CSE 401 Au11 Homework 1 - Regular Expressions

Due: Monday Oct. 10 by 11 pm. Please use the dropbox linked from the CSE401 homework web page to submit your homework online. Any common format like pdf or doc/docx is fine, or you can submit a scanned copy of your work as long as it is legible. We suggest you show your work to help us award partial credit if appropriate, and for TA sanity.

For questions that ask for regular expressions, you should restrict yourself to the basic operations and abbreviations outlined in the slides: concatenation, |, *, +, ?, and character classes [...] or character classes containing all characters except for specific characters, e.g., [^abc]. You can also use abbreviations and be somewhat informal when the meaning is clear, e.g., allexceptx = a | b | c | ... | w | y | z. You should not use additional regular expression operators found in languages like perl, python, or ruby, or in unix tools like grep and sed. In particular, you cannot use not(re) as a a regular expression that matches all other regular expressions except for re.

You should do this homework individually.

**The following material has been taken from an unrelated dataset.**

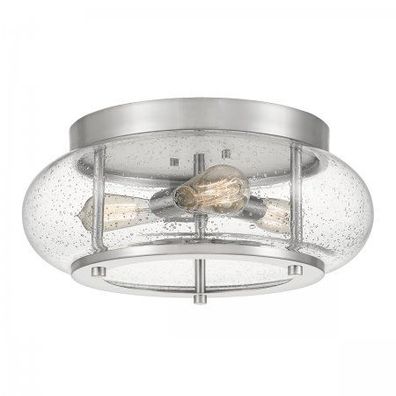 Elstead Lighting Trilogy Deckenleuchte 3-Light Nickel Glas 406mm E27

  1. For each of the following regular expressions, (i) give an example of two strings that can be generated by the regular expression and two that use the same alphabet but cannot be generated, and (ii) give an English description of the set of strings generated (for example, "all strings consisting of the word 'cow' followed by 1 or more 'x's and 'o's in any order"), not just a transliteration of the regular expression operations into English.
    1. (a|xy)*
    2. b(oz)+o
    3. ((ε|0)1)*

  2. Give regular expressions that generate the following sets of strings.
    1. All strings of a's and b's with at least 3 a's.
    2. All strings of a's and b's where b's only appear in sequences whose length is a multiple of 2 (a few examples: abba, bbbbabbaaa, and a are in this set; aba, b, ababa, and abbab are not).
    3. All strings of lower-case letters that contain the 5 vowels (aeiou) exactly once and in that order, with all other possible sequences of lower-case letters before, after, or in between the individual vowels.
  3. (Cooper & Torczon exercise 2 for section 2.2, parts (a) and (b) only. p. 726 1st edition, p. 80 2nd edition). Construct a DFA accepting each of the following languages:
    1. {w in {a,b}* | w starts with 'a' and contains 'baba' as a substring}
    2. {w in {0,1}* | w contains '111' as a substring and does not contain '00' as a substring }

  4. In The C Programming Language (Kernighan and Ritchie), an integer constant is defined as follows:

    An integer constant consisting of a sequence of digits is taken to be octal if it begins with 0 (digit zero), decimal otherwise. Octal constants do not contain the digits 8 or 9. A sequence of digits preceded by 0x or 0X (digit zero) is taken to be a hexadecimal integer. The hexadecimal digits include a or A through f or F with values 10 through 15.

    An integer constant may be suffixed with the letter u or U, to specify that it is unsigned. It may also be suffixed by the letter l or L to specify that it is long.

    (a) Write a regular expression that generate C integer constants as described above. (Of course you can break the solution down into a regular expression with several named parts if it makes things easier to write and read -- which it probably will.)

    (b) Draw a DFA that recognizes integer constants as defined by your solution to part (a). You may draw this directly; you don't need to formally trace through an algorithm for converting a regular expression to a NFA and then constructing a DFA from that. However, you might find it useful to do so at least partially.

    Hint: You might find it helpful to alternate between designing the DFA and writing the regular expressions as you work on your solution.
  5. A commment in C is a sequence of characters /* ... */. Write a set of regular expressions that generate C-style comments. You can restrict the alphabet to lower-case letters, digits, spaces, newlines (\n), carriage returns (\r) and the characters * and /. Also, remember that in C comments do not nest (i.e., a */ marks the end of a comment no matter how many times /* appears before it.)

    Hint: be careful about what is included in the ... between /* and */.